### [Captioned web image data]

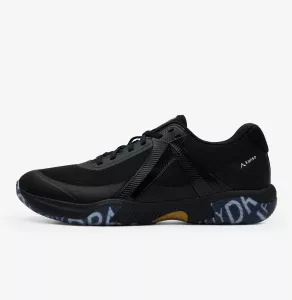 KANSO DRAGONFLY 2 BLACK-GOLD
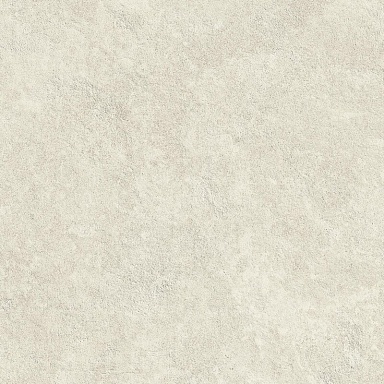 Керамогранит Atlas Concorde Italy AYCK Boost Icor Bone Outdoor 20mm 60x60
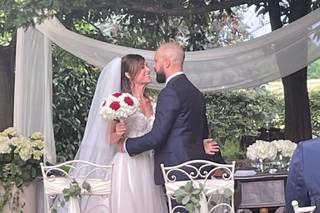 Villa San Savino - 30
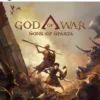 godofwar sons of sparta PS5 gameforever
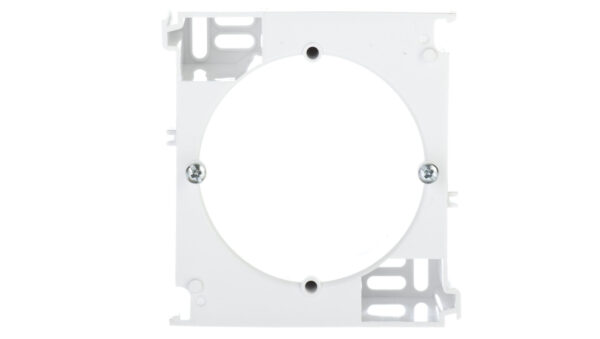 1e0c69b257866a49bb77d09b1ca4e9e2.jpg cb01597ea21f6f92ff094da2b0f837e3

### [WORK REQUEST]
Go back to the line containing "Villa San Savino - 30" and output it and every line after it through the end of the records, exactly, but not the pictures.

### [WRITTEN RESPONSE]
 Villa San Savino - 30
 godofwar sons of sparta PS5 gameforever
 1e0c69b257866a49bb77d09b1ca4e9e2.jpg cb01597ea21f6f92ff094da2b0f837e3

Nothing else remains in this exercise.